Four days later the summons arrived for Matron, and the invite arrived for Tobias and I, stating that the court would convene in three days’ time. The rest of the party was not to attend, as they were not elves.

Matron grew more tense, and more quiet, as the time for the ritual grew closer; and I began to urgently get the sense that I would not like what I was about to witness.

I was right.

We were escorted up to the inner circle of the city, and I knew. I knew as soon as I stepped foot inside that scorched circle of earth. I knew in a heartbeat why my connection to the Sacred was lost here. I knew in an eyeblink what I had begun to suspect, but couldn’t dare believe that any elf would do. But I was so very wrong. The moment I saw it, I began praying. Not knowing if my god and goddess could hear me or not. Not knowing if they cared. But I prayed. I prayed for help.

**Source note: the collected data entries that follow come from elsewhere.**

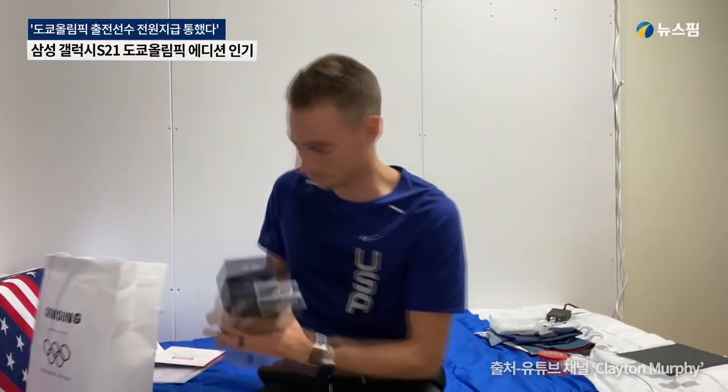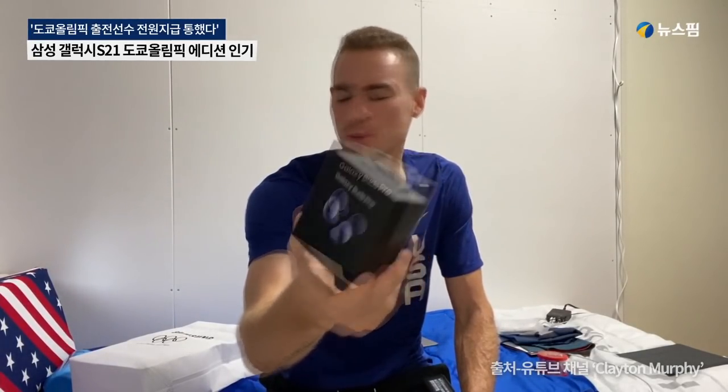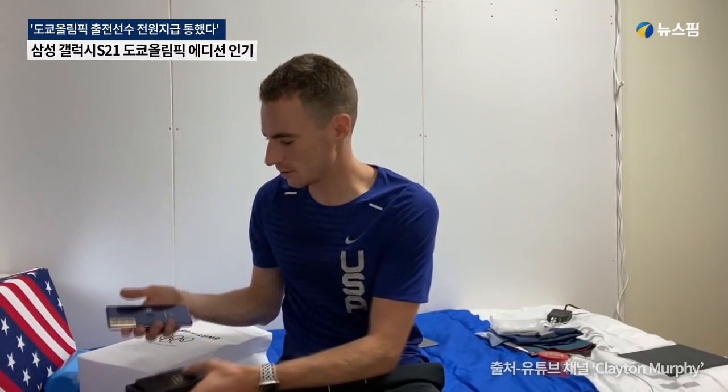We've got the fun Samsung Galaxy stuff. First up, we've got the Galaxy Pro Buds — I've never really used them, we'll check them out — we've got the case to go with it, and then we've got the Samsung special edition phone. I'm not much of a Samsung Android guy, I'm an Apple guy.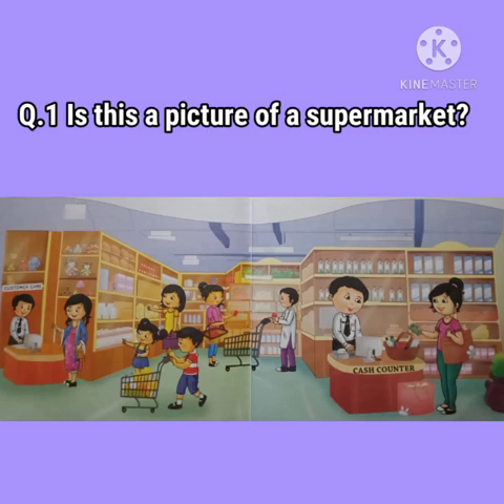Question number 1: Is this a picture of a supermarket? Yes, this is a picture of a supermarket.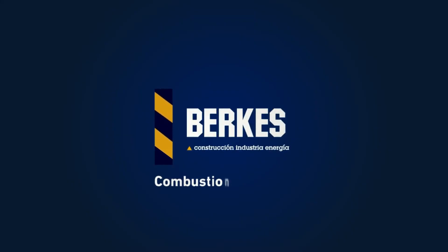Berkus has been developing its own combustion technology since the late 70s, with proven experience. More than 150 units were installed in America and Europe.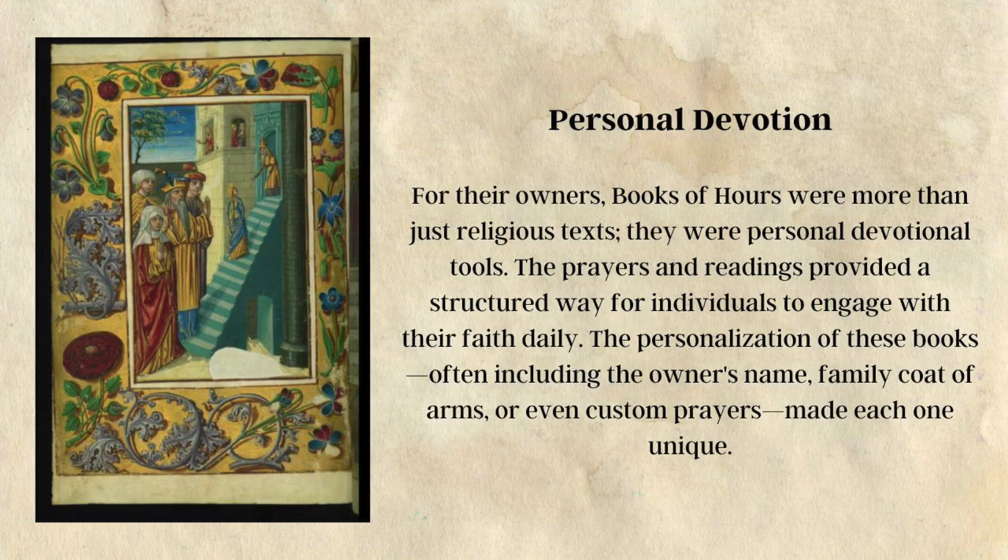For their owners, books of hours were more than just religious texts — they were personal devotional tools. The prayers and readings provided a structured way for individuals to engage with their faith daily. The personalization of these books, often including the owner's name, family coat of arms, or even custom prayers, made each one unique.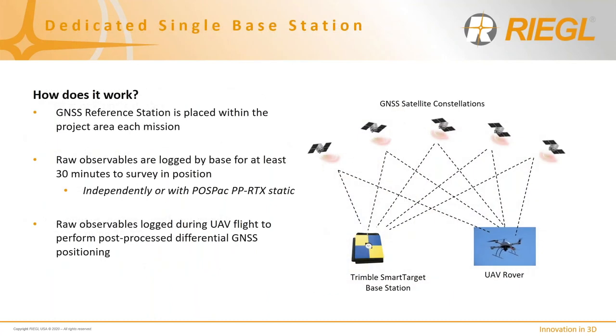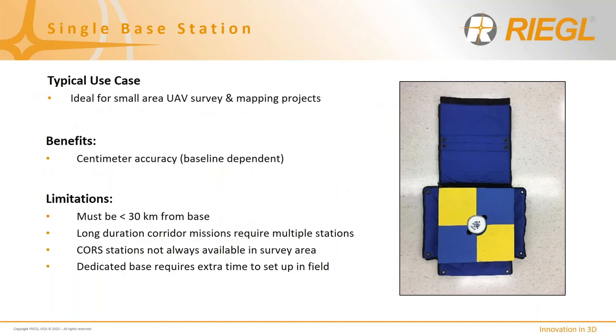For the single base station methodology, the station is placed within the mission area, raw observables are logged — typically a 30-minute wait time — and then used for data processing within POSPAC. Typical use cases include UAV surveys or smaller mapping projects, achieving centimeter-level accuracy. The limitations are that you have to have that dedicated station located within a certain baseline separation from where the rover is operating — we recommend at most 30 kilometers — and you may end up in an area where there's no CORS coverage. The obvious limitation is also having to set up and deploy somebody in the field to put the dedicated station in place.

For something.. for anything..

In the center of the blackened ring of earth and ash, grew a young sylvan tree. No more than a sapling, and a yearling at that. Vibrant and healthy and alive.

The royal family began the ritual by stating that this was, and had been, a yearly tradition. Was “who they were” and “who they would be”. They denounced everything about the old ways. Renounced all that they are. Claimed that the right to be free led them to this. That the wish to work with metals of the earth like… like dwarves or gnomes, was more important to them than their connection to the Wellspring. That their safety and ability to blend in and remain “quiet” was more important to them than being a part of nature and balance.

To my growing horror, they loudly proclaimed that, in an act of complete revolt, they entombed their ruler – an immortal, one of my kind, that I have never heard of – in the earth below, so that he could continue to watch the desecration of the tree year after year.

The tree has old roots. Over 500 years. It will not die. Not like this. But it will burn.

Then they burned it.

They burned a living thing. A Sylvan tree. Alive.
Each of the families threw a torch on the growing pyre, and watched without compassion as it burned to the ground. It was all I could do not to start screaming then.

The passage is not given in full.